(Beginning of DATA SECTION)

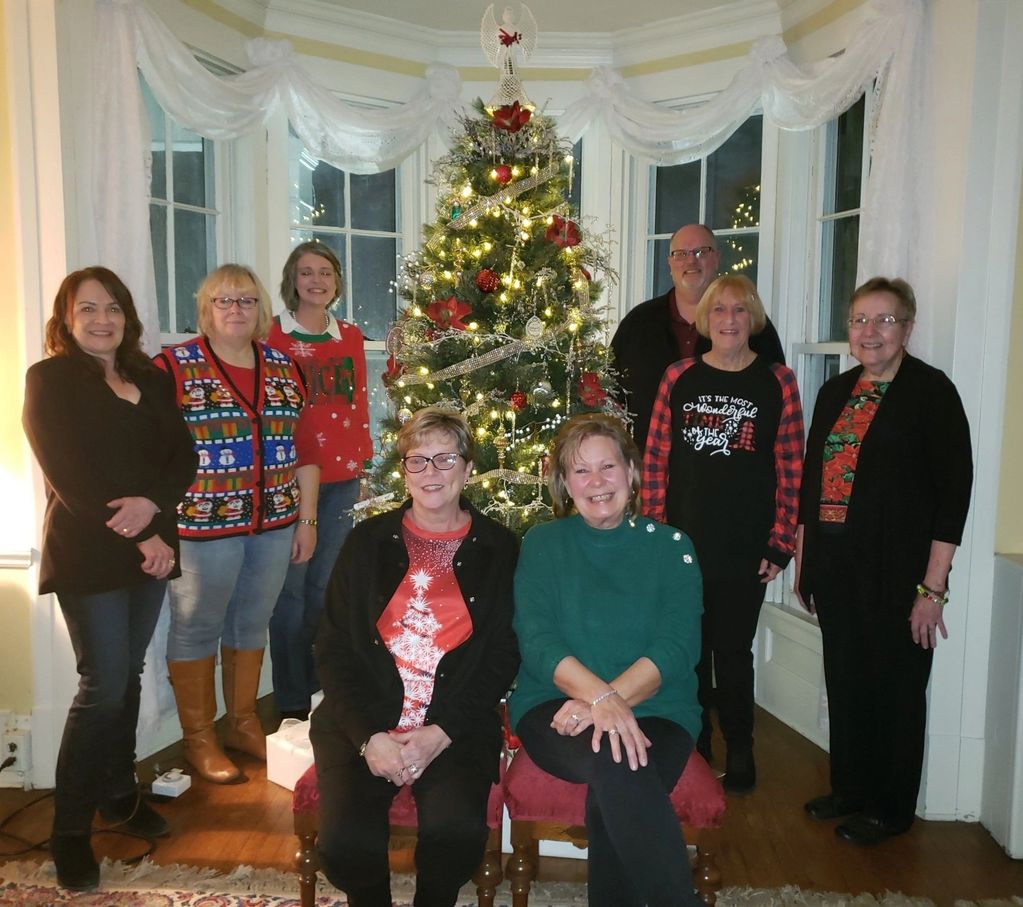 A group of eight adults posing cheerfully by a decorated Christmas tree indoors.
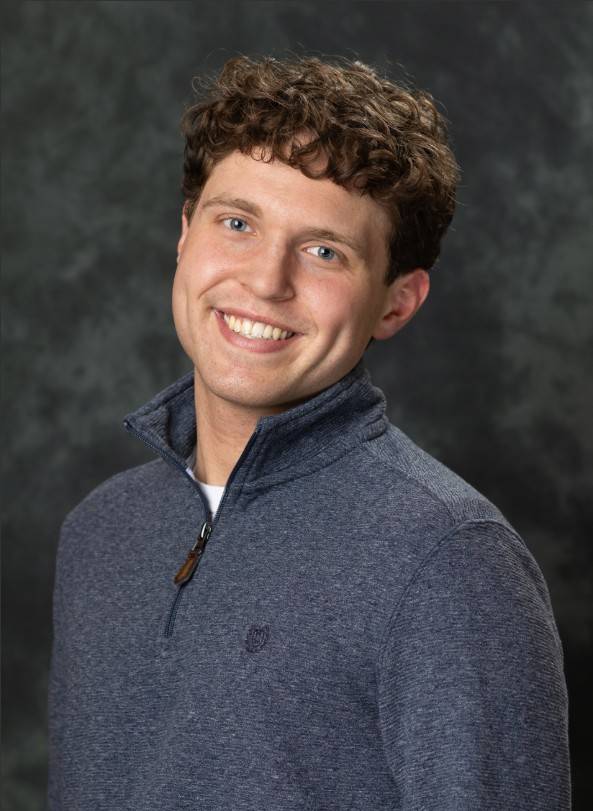 young man with big smile and brown hair wearing a navy blue quarter zip sweater and a grey background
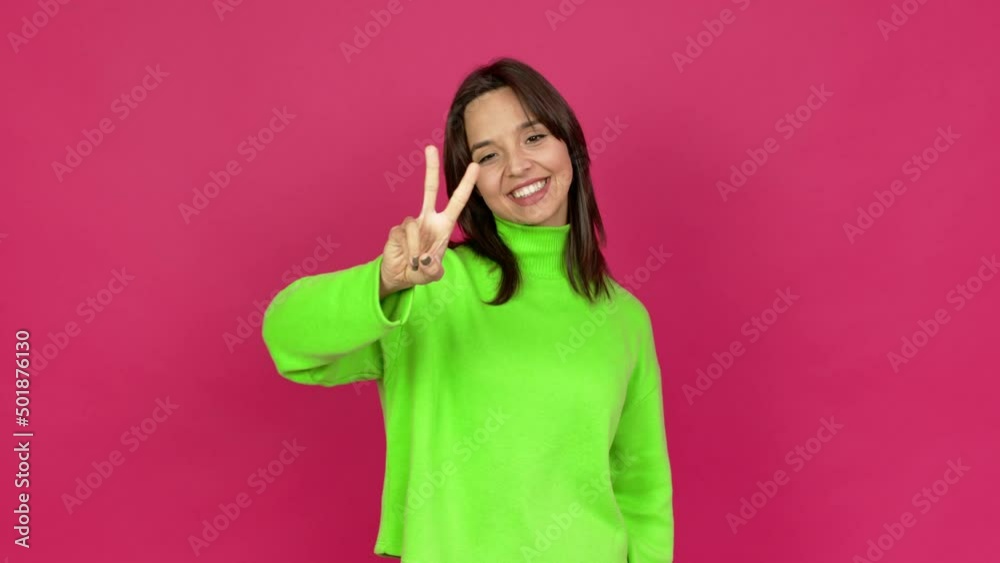 Young brunette woman happy and counting with fingers over isolated background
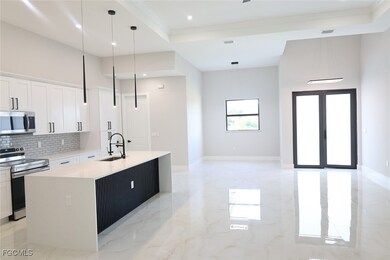 Kitchen featuring appliances with stainless steel finishes, light marble finish floors, white cabinets, a kitchen island with sink, and a raised ceiling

(End of DATA SECTION)

EXERCISE
After removing the pictures, restate the whole listing above word for word.

COMPLETED TASK
 A group of eight adults posing cheerfully by a decorated Christmas tree indoors.
 young man with big smile and brown hair wearing a navy blue quarter zip sweater and a grey background
 Young brunette woman happy and counting with fingers over isolated background
 Kitchen featuring appliances with stainless steel finishes, light marble finish floors, white cabinets, a kitchen island with sink, and a raised ceiling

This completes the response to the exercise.